Les évolutions normatives (réglementaires comme législatives) ainsi que la politique conduite par un Gouvernement d’extrême droite affecteraient nécessairement les agents publics, entendus comme tous celles et ceux, fonctionnaires titulaires ou agents contractuels, dont le rôle est de garantir la continuité du service public et de pourvoir aux besoins de la population.
Le cadre qui s’applique à eux est à la fois statutaire et déontologique, fondé sur les valeurs républicaines et tourné vers le seul service de l’intérêt public, au-delà de tout intérêt particulier et dans le respect des principes de notre Constitution.

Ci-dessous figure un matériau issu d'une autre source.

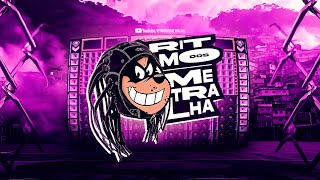 BEBIDA DROGA E SEXO - MC NEGUINHO DO MORRO MC DONZELA (DJ NDM)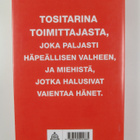 Johanna Aatsalo : Paljastus : Tarina dopinguutisesta ja t... - pikkukuva 2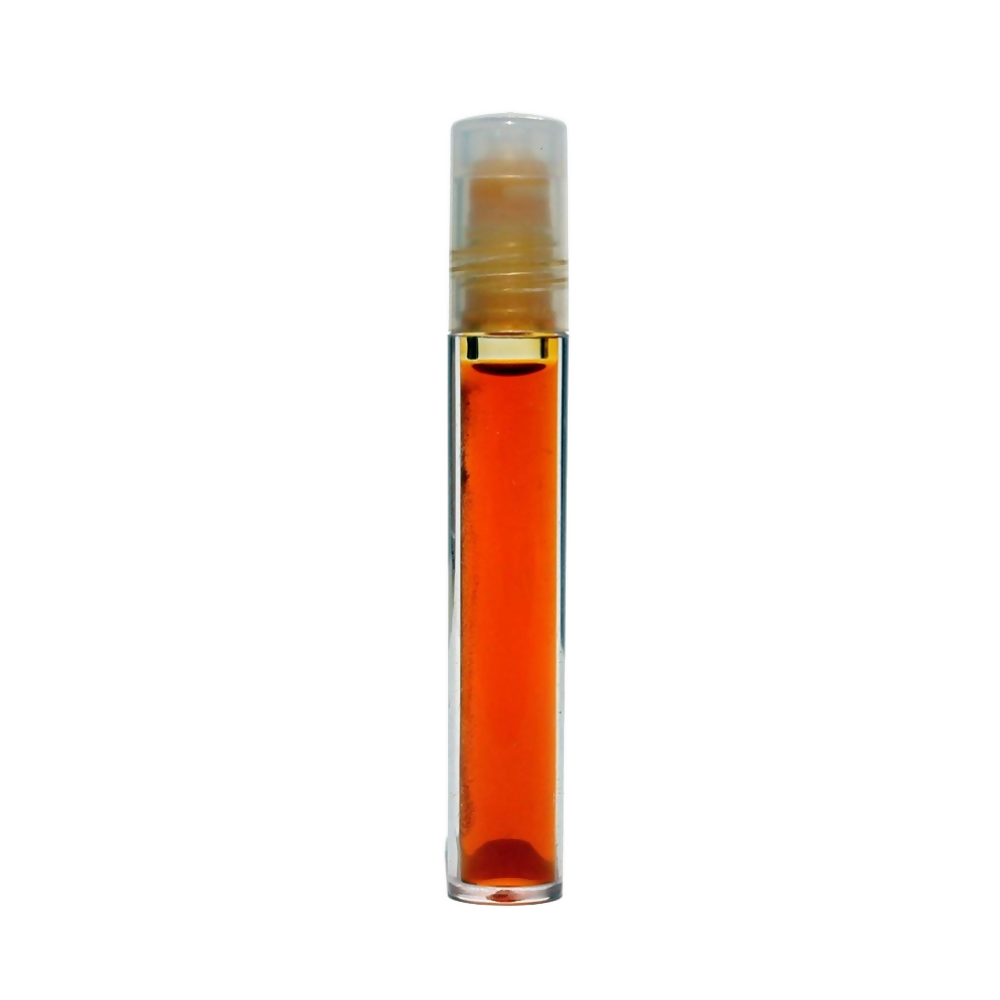 Neev Herbal Handmade Soaps Lip Rollon Crème Finish - Grapefruit and Orange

Les interrogations à l’origine de cette note relèvent d’une introspection légitime de la part de tout agent public mû par le sens non seulement des valeurs mais d’une certaine éthique républicaine. C’est pour cette raison que « Le Sens du Service Public » a décidé d’alimenter la conversation publique sur ce sujet essentiel, par cette contribution et la publication d’une note plus complète accessible sur son site Internet.
Poser les termes de ce débat impose toutefois une première clarification : si nul ne peut exclure que l’extrême droite pourrait chercher, une fois au pouvoir, à bousculer les équilibres constitutionnels et à substituer des droits collectifs (tel qu’un « droit de conserver son identité » aux droits individuels) attendre des fonctionnaires qu’ils constituent un « premier rempart » contre des atteintes à l’État de droit ou prétendre à un tel rôle est contestable et pourrait placer des agents dans des situations extrêmement délicates.
Cette responsabilité incombe en premier lieu à nos institutions et à l’expression souveraine des citoyens, dont elles tirent leur légitimité. C’est en revanche dans le cadre du fonctionnement du service public, dont ils sont les acteurs, que les fonctionnaires sont pleinement fondés à se questionner sur la compatibilité des décisions à mettre en œuvre ou des ordres qu’ils reçoivent avec le cadre légal et les principes de l’État de droit.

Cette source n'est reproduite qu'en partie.